┌────────
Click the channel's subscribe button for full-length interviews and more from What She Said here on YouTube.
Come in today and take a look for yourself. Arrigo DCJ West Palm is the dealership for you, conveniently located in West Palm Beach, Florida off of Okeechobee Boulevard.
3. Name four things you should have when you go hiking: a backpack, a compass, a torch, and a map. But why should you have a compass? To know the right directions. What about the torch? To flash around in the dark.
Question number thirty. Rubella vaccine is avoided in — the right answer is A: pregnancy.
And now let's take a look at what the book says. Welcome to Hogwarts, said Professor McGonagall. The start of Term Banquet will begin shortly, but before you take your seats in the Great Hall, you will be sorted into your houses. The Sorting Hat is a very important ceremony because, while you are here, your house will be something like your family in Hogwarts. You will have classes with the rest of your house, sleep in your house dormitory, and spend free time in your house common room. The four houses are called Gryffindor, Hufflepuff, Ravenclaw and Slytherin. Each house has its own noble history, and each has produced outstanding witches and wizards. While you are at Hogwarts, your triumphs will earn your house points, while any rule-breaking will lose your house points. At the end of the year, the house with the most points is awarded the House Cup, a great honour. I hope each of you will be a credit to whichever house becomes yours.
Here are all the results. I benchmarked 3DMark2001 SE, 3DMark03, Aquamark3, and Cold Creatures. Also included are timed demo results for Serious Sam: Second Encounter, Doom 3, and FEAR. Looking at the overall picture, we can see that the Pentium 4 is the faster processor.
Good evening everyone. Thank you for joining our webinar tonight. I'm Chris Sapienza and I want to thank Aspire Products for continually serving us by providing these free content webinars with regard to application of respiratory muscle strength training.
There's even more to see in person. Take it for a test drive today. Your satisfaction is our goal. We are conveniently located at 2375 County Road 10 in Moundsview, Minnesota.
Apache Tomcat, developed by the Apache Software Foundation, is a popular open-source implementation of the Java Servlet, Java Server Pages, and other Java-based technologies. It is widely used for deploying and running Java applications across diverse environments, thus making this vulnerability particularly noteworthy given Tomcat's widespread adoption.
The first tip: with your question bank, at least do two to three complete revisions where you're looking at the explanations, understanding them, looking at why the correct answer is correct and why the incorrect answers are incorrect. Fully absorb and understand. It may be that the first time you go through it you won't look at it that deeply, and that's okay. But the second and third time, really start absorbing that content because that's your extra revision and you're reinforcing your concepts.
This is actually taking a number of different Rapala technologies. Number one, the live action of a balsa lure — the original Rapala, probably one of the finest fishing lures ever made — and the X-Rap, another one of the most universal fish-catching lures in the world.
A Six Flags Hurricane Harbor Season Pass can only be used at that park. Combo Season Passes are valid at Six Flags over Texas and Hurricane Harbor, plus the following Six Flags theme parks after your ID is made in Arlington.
└────────
**Exercise details:** Restate every record above, exactly, in full.

**The answer:**
Click the channel's subscribe button for full-length interviews and more from What She Said here on YouTube.
Come in today and take a look for yourself. Arrigo DCJ West Palm is the dealership for you, conveniently located in West Palm Beach, Florida off of Okeechobee Boulevard.
3. Name four things you should have when you go hiking: a backpack, a compass, a torch, and a map. But why should you have a compass? To know the right directions. What about the torch? To flash around in the dark.
Question number thirty. Rubella vaccine is avoided in — the right answer is A: pregnancy.
And now let's take a look at what the book says. Welcome to Hogwarts, said Professor McGonagall. The start of Term Banquet will begin shortly, but before you take your seats in the Great Hall, you will be sorted into your houses. The Sorting Hat is a very important ceremony because, while you are here, your house will be something like your family in Hogwarts. You will have classes with the rest of your house, sleep in your house dormitory, and spend free time in your house common room. The four houses are called Gryffindor, Hufflepuff, Ravenclaw and Slytherin. Each house has its own noble history, and each has produced outstanding witches and wizards. While you are at Hogwarts, your triumphs will earn your house points, while any rule-breaking will lose your house points. At the end of the year, the house with the most points is awarded the House Cup, a great honour. I hope each of you will be a credit to whichever house becomes yours.
Here are all the results. I benchmarked 3DMark2001 SE, 3DMark03, Aquamark3, and Cold Creatures. Also included are timed demo results for Serious Sam: Second Encounter, Doom 3, and FEAR. Looking at the overall picture, we can see that the Pentium 4 is the faster processor.
Good evening everyone. Thank you for joining our webinar tonight. I'm Chris Sapienza and I want to thank Aspire Products for continually serving us by providing these free content webinars with regard to application of respiratory muscle strength training.
There's even more to see in person. Take it for a test drive today. Your satisfaction is our goal. We are conveniently located at 2375 County Road 10 in Moundsview, Minnesota.
Apache Tomcat, developed by the Apache Software Foundation, is a popular open-source implementation of the Java Servlet, Java Server Pages, and other Java-based technologies. It is widely used for deploying and running Java applications across diverse environments, thus making this vulnerability particularly noteworthy given Tomcat's widespread adoption.
The first tip: with your question bank, at least do two to three complete revisions where you're looking at the explanations, understanding them, looking at why the correct answer is correct and why the incorrect answers are incorrect. Fully absorb and understand. It may be that the first time you go through it you won't look at it that deeply, and that's okay. But the second and third time, really start absorbing that content because that's your extra revision and you're reinforcing your concepts.
This is actually taking a number of different Rapala technologies. Number one, the live action of a balsa lure — the original Rapala, probably one of the finest fishing lures ever made — and the X-Rap, another one of the most universal fish-catching lures in the world.
A Six Flags Hurricane Harbor Season Pass can only be used at that park. Combo Season Passes are valid at Six Flags over Texas and Hurricane Harbor, plus the following Six Flags theme parks after your ID is made in Arlington.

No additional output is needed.